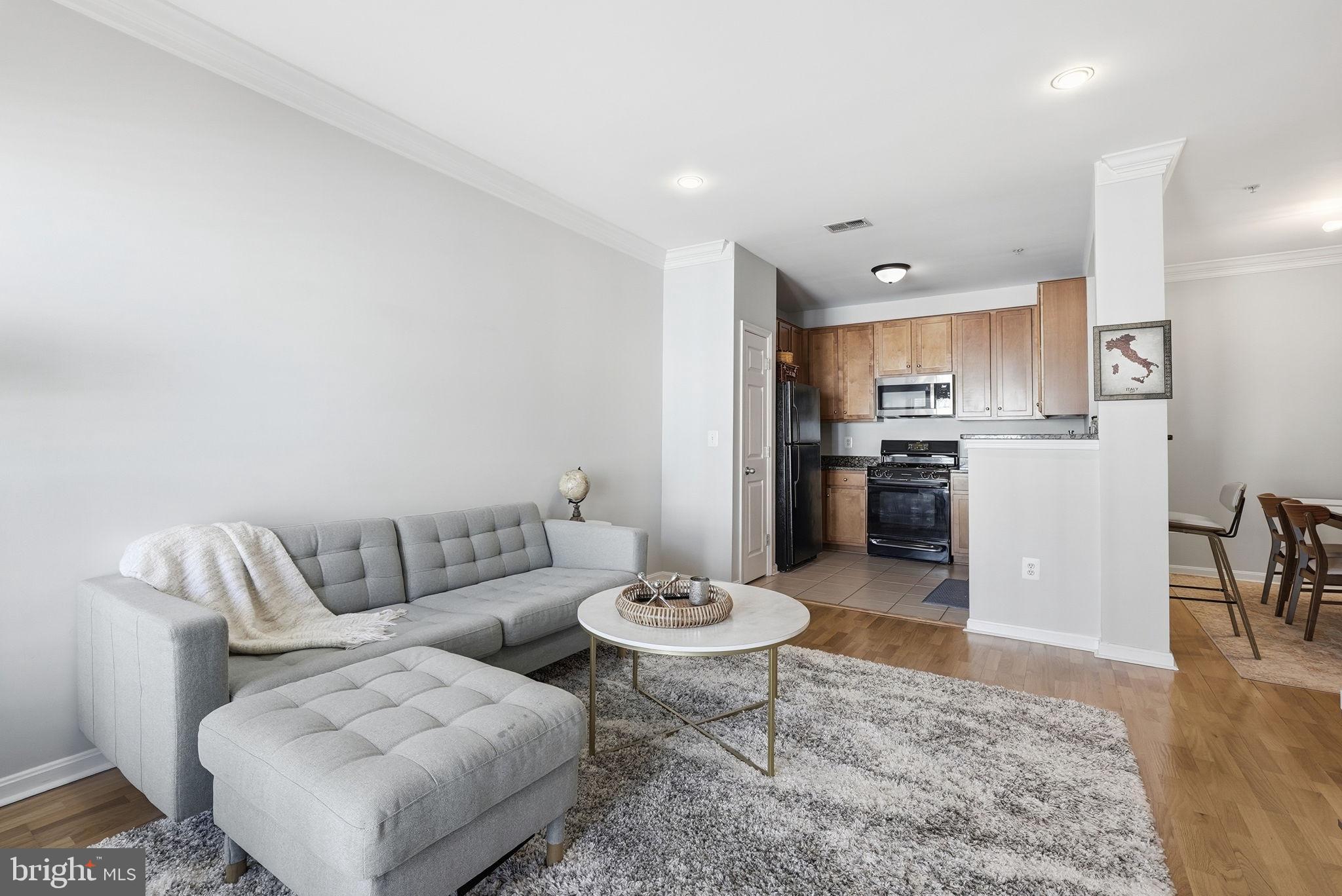 4852 EISENHOWER AVENUE 337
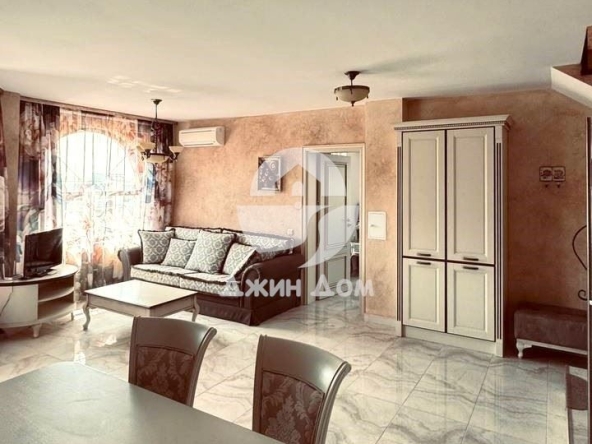 Многостаен апартамент в Свети Влас - 200 кв.м за 1475 €/кв.м - Снимка #1
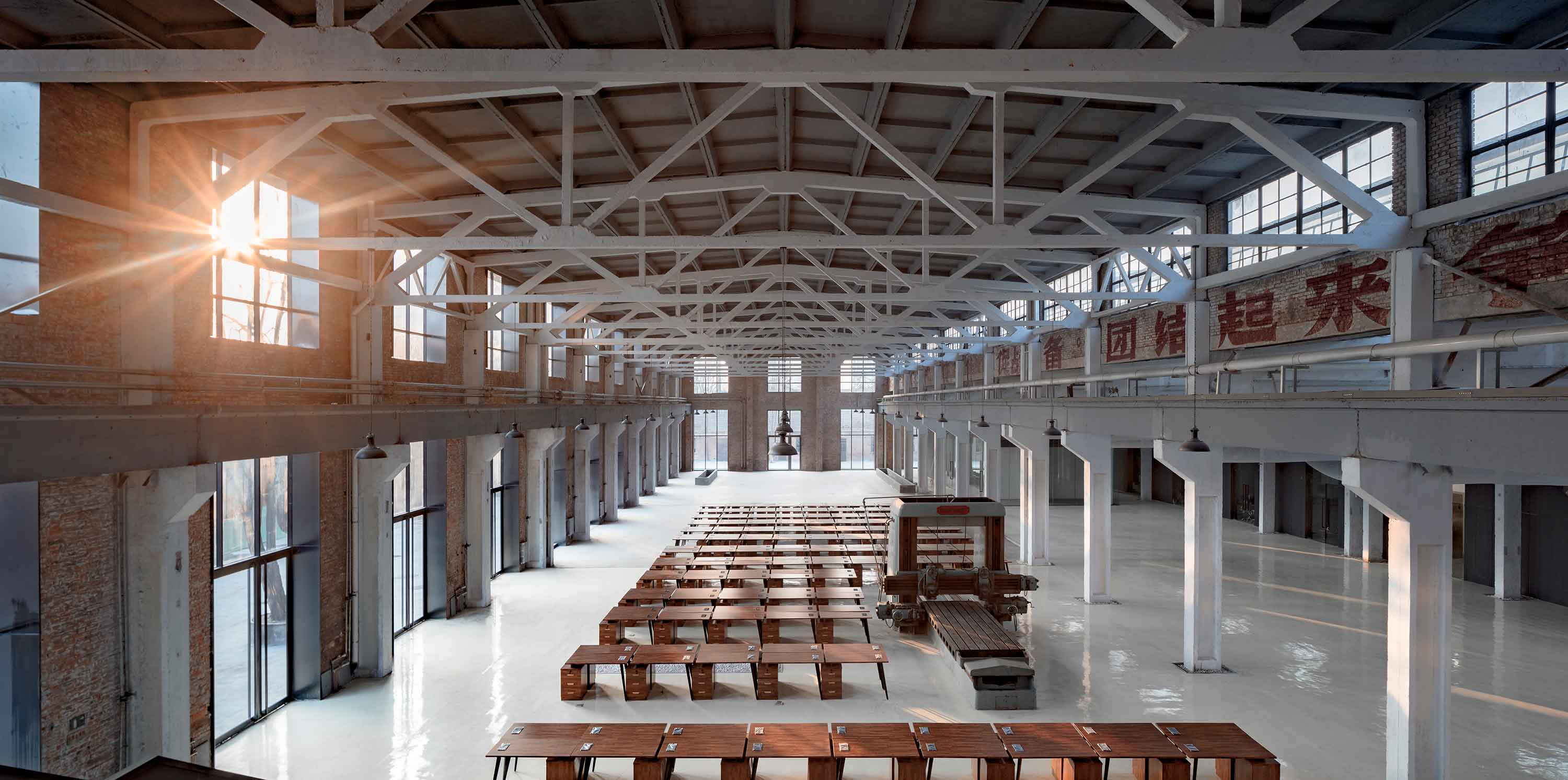 Beeld Marc Goodwin, Re-veil, Changzhi - Superimpose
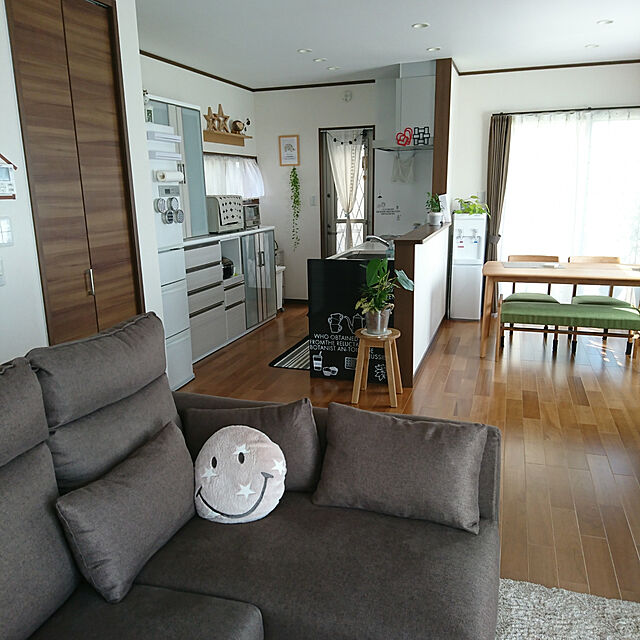 Miyakoのニトリ-布+合成皮革コーナーソファ(ウォール2 BE) の家具・インテリア写真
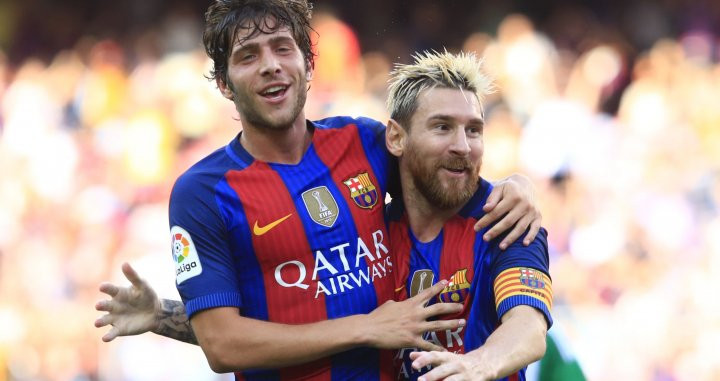 Sergi Roberto, junto a Leo Messi en choque del Barça | EFE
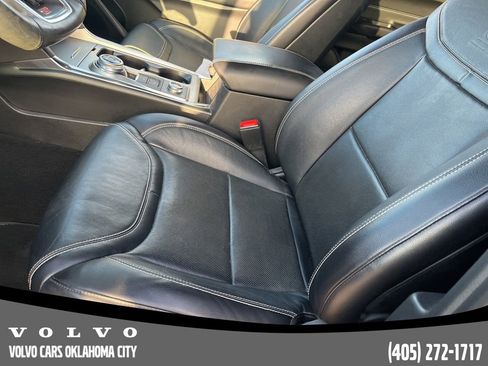 Used 2020 Ford Explorer ST w/ ST Street Pack image 8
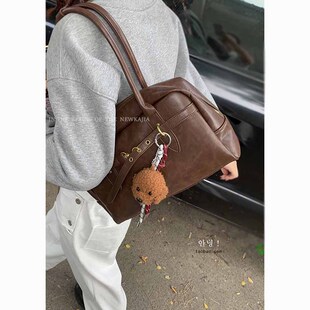 韩国小众腋下包包女秋季2024新款潮复古保龄球包包大容量通勤包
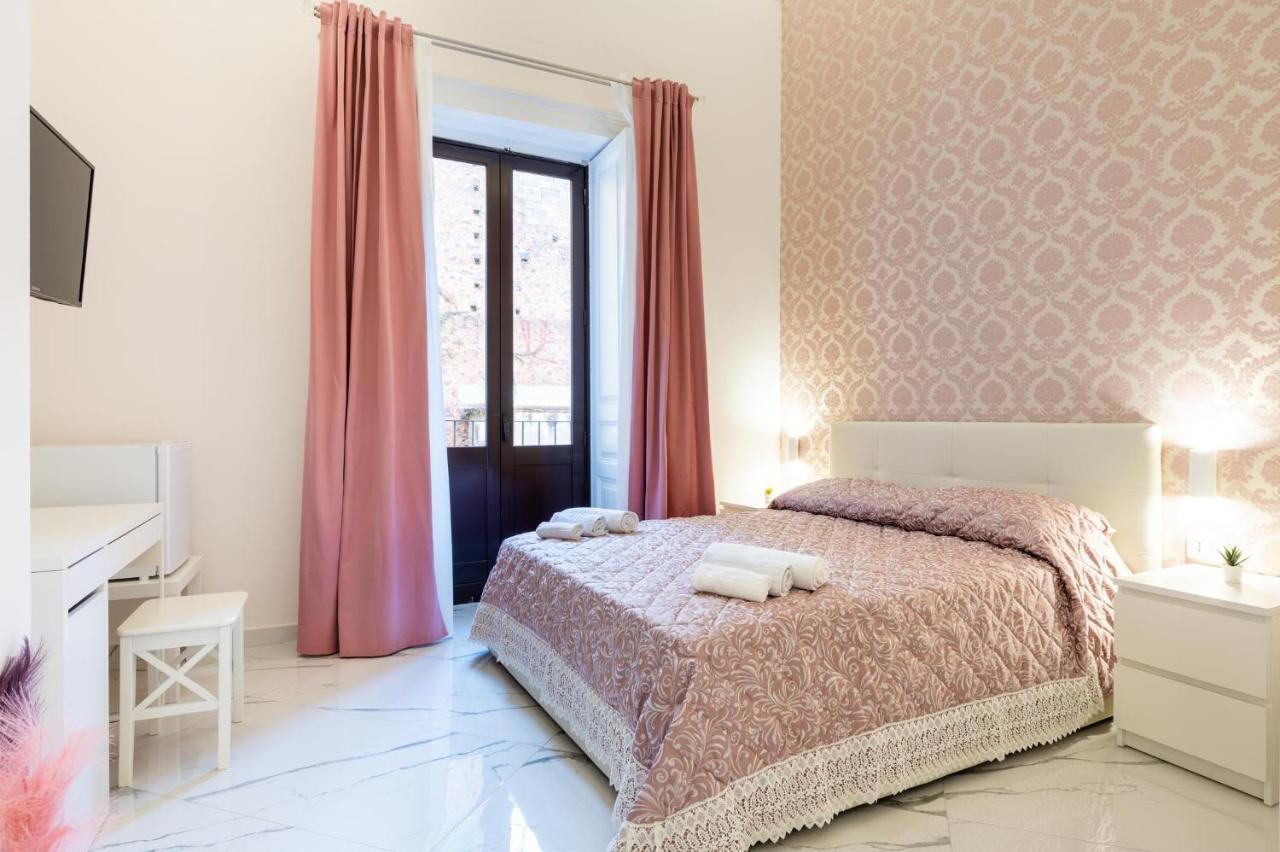 Palazzobellini Bed & Breakfast คาตาเนีย ภายนอก รูปภาพ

================================

## Prompt
Only the pictures are to be dropped; return everything else in the listing exactly.

## Answer space
 4852 EISENHOWER AVENUE 337
 Многостаен апартамент в Свети Влас - 200 кв.м за 1475 €/кв.м - Снимка #1
 Beeld Marc Goodwin, Re-veil, Changzhi - Superimpose
 Miyakoのニトリ-布+合成皮革コーナーソファ(ウォール2 BE) の家具・インテリア写真
 Sergi Roberto, junto a Leo Messi en choque del Barça | EFE
 Used 2020 Ford Explorer ST w/ ST Street Pack image 8
 韩国小众腋下包包女秋季2024新款潮复古保龄球包包大容量通勤包
 Palazzobellini Bed & Breakfast คาตาเนีย ภายนอก รูปภาพ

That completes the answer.